For this exercise, please reproduce the records below word for word, from the first line through the line with "Sitting cat black".

(Source records Opens)

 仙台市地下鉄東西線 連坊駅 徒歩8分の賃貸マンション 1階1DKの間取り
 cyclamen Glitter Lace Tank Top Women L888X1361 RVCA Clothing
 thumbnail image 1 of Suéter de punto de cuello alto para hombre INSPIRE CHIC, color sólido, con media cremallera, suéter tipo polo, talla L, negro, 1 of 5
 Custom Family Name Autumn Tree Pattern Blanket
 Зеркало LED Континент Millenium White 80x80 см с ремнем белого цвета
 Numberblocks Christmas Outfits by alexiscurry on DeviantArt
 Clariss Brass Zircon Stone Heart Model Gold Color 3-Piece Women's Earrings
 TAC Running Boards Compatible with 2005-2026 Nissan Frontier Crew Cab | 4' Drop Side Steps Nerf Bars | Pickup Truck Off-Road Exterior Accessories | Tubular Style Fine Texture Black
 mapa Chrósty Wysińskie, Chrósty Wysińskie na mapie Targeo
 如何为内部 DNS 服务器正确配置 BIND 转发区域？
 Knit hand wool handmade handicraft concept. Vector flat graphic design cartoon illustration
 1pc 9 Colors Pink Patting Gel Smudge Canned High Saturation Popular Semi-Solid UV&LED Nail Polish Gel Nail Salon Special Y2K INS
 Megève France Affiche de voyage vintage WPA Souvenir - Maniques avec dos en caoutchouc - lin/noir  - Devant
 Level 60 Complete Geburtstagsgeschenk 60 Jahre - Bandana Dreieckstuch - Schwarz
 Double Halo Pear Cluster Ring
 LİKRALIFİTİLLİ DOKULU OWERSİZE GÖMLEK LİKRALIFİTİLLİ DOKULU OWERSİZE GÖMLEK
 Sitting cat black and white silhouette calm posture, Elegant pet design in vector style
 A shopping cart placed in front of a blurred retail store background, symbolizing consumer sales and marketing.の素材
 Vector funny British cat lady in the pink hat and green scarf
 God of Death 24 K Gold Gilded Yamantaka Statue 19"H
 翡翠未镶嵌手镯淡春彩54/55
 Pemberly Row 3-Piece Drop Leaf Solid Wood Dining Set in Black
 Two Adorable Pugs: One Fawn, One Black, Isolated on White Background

(Source records Closes)

#### Expected answer:
 仙台市地下鉄東西線 連坊駅 徒歩8分の賃貸マンション 1階1DKの間取り
 cyclamen Glitter Lace Tank Top Women L888X1361 RVCA Clothing
 thumbnail image 1 of Suéter de punto de cuello alto para hombre INSPIRE CHIC, color sólido, con media cremallera, suéter tipo polo, talla L, negro, 1 of 5
 Custom Family Name Autumn Tree Pattern Blanket
 Зеркало LED Континент Millenium White 80x80 см с ремнем белого цвета
 Numberblocks Christmas Outfits by alexiscurry on DeviantArt
 Clariss Brass Zircon Stone Heart Model Gold Color 3-Piece Women's Earrings
 TAC Running Boards Compatible with 2005-2026 Nissan Frontier Crew Cab | 4' Drop Side Steps Nerf Bars | Pickup Truck Off-Road Exterior Accessories | Tubular Style Fine Texture Black
 mapa Chrósty Wysińskie, Chrósty Wysińskie na mapie Targeo
 如何为内部 DNS 服务器正确配置 BIND 转发区域？
 Knit hand wool handmade handicraft concept. Vector flat graphic design cartoon illustration
 1pc 9 Colors Pink Patting Gel Smudge Canned High Saturation Popular Semi-Solid UV&LED Nail Polish Gel Nail Salon Special Y2K INS
 Megève France Affiche de voyage vintage WPA Souvenir - Maniques avec dos en caoutchouc - lin/noir  - Devant
 Level 60 Complete Geburtstagsgeschenk 60 Jahre - Bandana Dreieckstuch - Schwarz
 Double Halo Pear Cluster Ring
 LİKRALIFİTİLLİ DOKULU OWERSİZE GÖMLEK LİKRALIFİTİLLİ DOKULU OWERSİZE GÖMLEK
 Sitting cat black and white silhouette calm posture, Elegant pet design in vector style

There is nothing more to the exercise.